In the seventeenth and eighteenth centuries, a pioneering community of Christian scholars laid the groundwork for the modern Western understanding of Islamic civilization. These men produced the first accurate translation of the Qur’an into a European language, mapped the branches of the Islamic arts and sciences, and wrote Muslim history using Arabic sources. The Republic of Arabic Letters reconstructs this process, revealing the influence of Catholic and Protestant intellectuals on the secular Enlightenment understanding of Islam and its written traditions.

Drawing on Arabic, English, French, German, Italian, and Latin sources, Alexander Bevilacqua’s rich intellectual history retraces the routes—both mental and physical—that Christian scholars traveled to acquire, study, and comprehend Arabic manuscripts.

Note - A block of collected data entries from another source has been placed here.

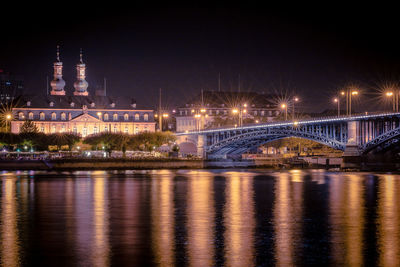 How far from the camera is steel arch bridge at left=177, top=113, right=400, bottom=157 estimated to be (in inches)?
3189

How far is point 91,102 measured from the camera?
6614 inches

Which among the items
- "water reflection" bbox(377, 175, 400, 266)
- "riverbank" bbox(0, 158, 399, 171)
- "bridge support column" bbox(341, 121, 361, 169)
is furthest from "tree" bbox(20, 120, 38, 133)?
"water reflection" bbox(377, 175, 400, 266)


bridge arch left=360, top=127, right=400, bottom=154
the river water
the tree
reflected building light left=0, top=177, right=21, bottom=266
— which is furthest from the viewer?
the tree

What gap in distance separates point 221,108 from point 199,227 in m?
152

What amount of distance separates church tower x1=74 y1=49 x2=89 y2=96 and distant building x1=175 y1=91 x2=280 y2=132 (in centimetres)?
2667

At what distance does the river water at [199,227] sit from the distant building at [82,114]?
110 metres

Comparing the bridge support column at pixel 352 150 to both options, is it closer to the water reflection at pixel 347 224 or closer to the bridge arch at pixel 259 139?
the bridge arch at pixel 259 139

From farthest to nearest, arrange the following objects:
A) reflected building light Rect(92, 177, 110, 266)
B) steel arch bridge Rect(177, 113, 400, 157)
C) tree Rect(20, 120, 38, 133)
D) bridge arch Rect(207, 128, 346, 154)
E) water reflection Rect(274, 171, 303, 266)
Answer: tree Rect(20, 120, 38, 133)
bridge arch Rect(207, 128, 346, 154)
steel arch bridge Rect(177, 113, 400, 157)
water reflection Rect(274, 171, 303, 266)
reflected building light Rect(92, 177, 110, 266)

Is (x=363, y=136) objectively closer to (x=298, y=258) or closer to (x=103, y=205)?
(x=103, y=205)

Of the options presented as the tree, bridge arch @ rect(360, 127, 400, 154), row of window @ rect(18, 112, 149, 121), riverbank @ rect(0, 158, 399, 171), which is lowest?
riverbank @ rect(0, 158, 399, 171)

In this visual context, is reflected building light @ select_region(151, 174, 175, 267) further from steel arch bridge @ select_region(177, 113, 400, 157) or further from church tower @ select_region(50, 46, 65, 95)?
church tower @ select_region(50, 46, 65, 95)

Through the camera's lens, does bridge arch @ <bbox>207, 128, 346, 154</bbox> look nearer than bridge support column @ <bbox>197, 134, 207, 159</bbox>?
Yes

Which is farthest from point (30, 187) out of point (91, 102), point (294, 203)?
point (91, 102)

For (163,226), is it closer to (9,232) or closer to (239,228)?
(239,228)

The knowledge they generated was deeply indebted to native Muslim traditions, especially Ottoman ones. Eventually the translations, compilations, and histories they produced reached such luminaries as Voltaire and Edward Gibbon, who not only assimilated the factual content of these works but wove their interpretations into the fabric of Enlightenment thought.

The Republic of Arabic Letters shows that the Western effort to learn about Islam and its religious and intellectual traditions issued not from a secular agenda but from the scholarly commitments of a select group of Christians. These authors cast aside inherited views and bequeathed a new understanding of Islam to the modern West.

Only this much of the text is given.